* _Dataset extract_
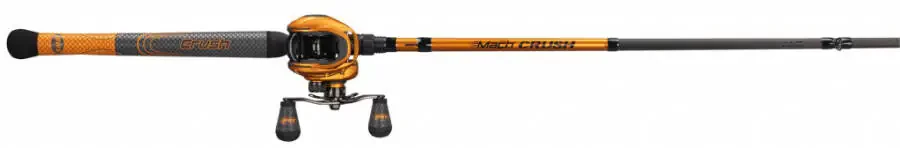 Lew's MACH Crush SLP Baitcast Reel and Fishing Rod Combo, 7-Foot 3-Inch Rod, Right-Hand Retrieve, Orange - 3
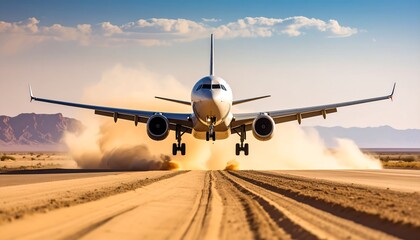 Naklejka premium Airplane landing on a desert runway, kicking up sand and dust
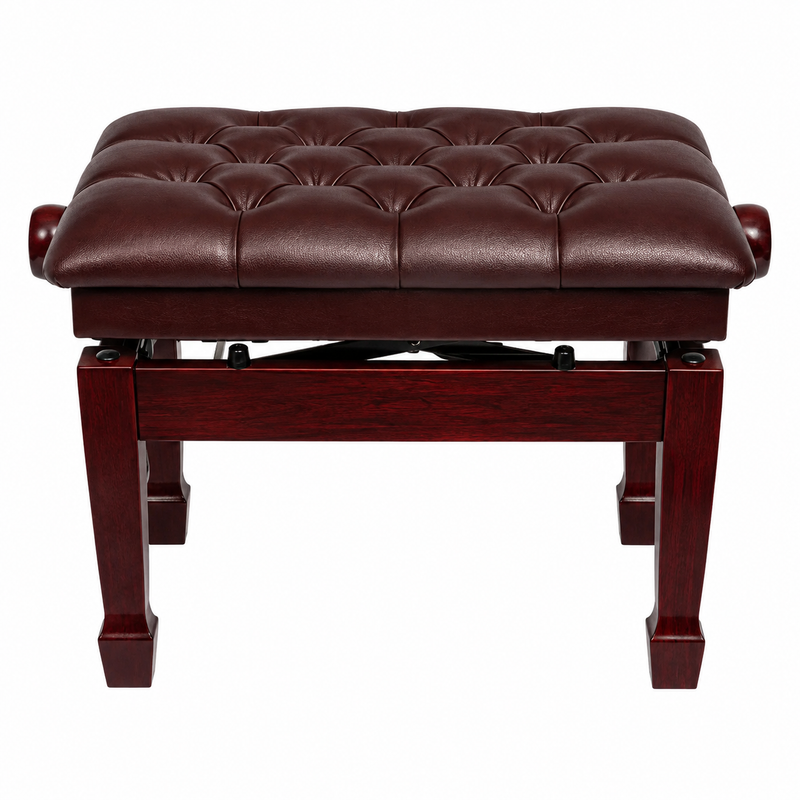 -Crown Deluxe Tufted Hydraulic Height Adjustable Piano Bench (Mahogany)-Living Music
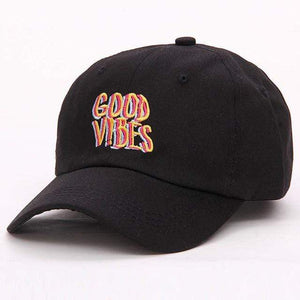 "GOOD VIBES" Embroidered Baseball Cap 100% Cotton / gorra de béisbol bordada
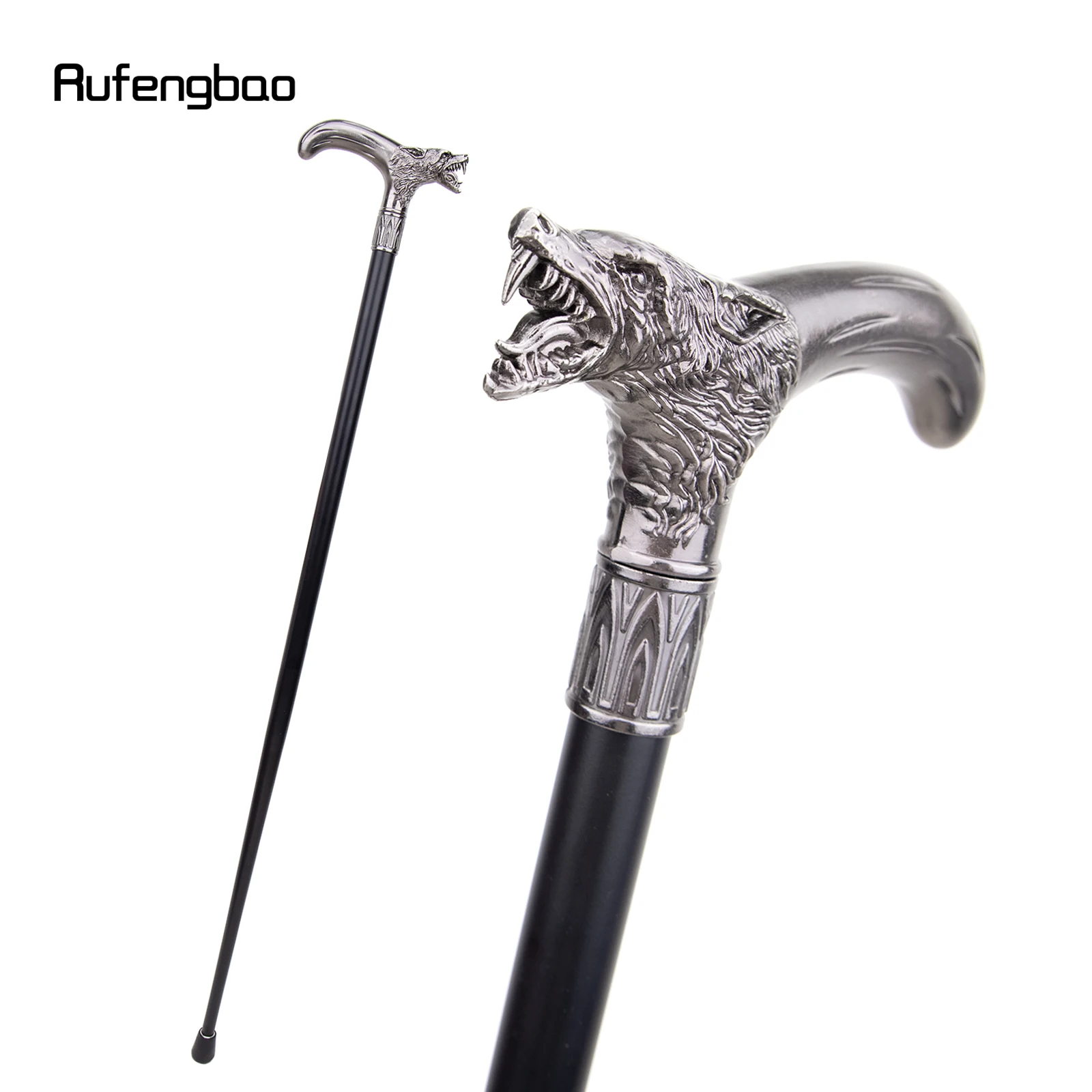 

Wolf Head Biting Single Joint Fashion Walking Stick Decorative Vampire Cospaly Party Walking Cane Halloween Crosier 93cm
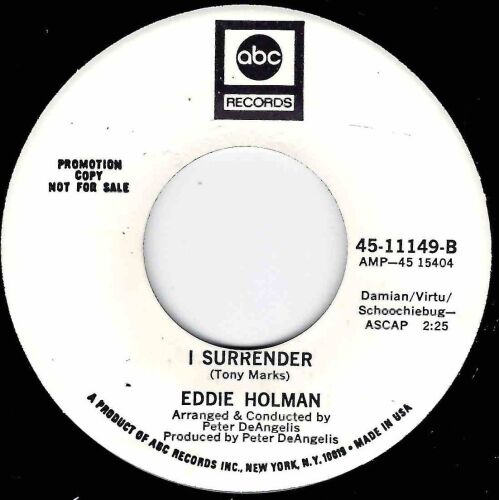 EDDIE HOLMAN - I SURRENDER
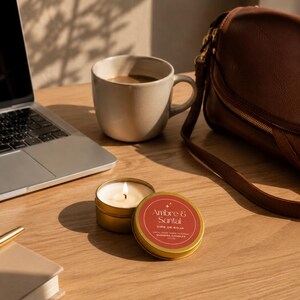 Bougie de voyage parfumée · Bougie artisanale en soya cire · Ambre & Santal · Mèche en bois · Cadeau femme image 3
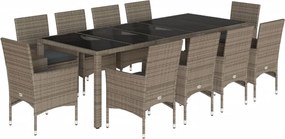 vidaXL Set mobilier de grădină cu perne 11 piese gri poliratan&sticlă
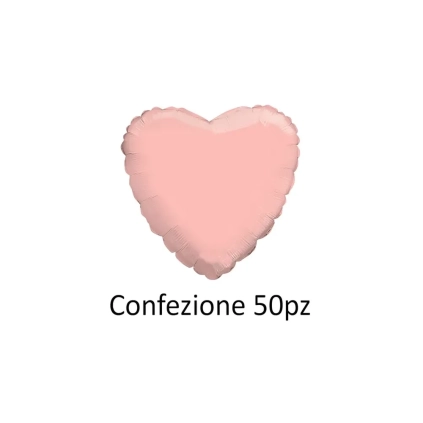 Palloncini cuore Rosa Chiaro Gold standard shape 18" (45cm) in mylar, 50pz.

* _What is being asked_
Only the lines from the start of the material to the line with "Bougie de voyage", inclusive, belong in the answer, printed exactly and free of pictures.

* _Result of the exercise_
 Lew's MACH Crush SLP Baitcast Reel and Fishing Rod Combo, 7-Foot 3-Inch Rod, Right-Hand Retrieve, Orange - 3
 Naklejka premium Airplane landing on a desert runway, kicking up sand and dust
 -Crown Deluxe Tufted Hydraulic Height Adjustable Piano Bench (Mahogany)-Living Music
 "GOOD VIBES" Embroidered Baseball Cap 100% Cotton / gorra de béisbol bordada

Wolf Head Biting Single Joint Fashion Walking Stick Decorative Vampire Cospaly Party Walking Cane Halloween Crosier 93cm
 EDDIE HOLMAN - I SURRENDER
 Bougie de voyage parfumée · Bougie artisanale en soya cire · Ambre & Santal · Mèche en bois · Cadeau femme image 3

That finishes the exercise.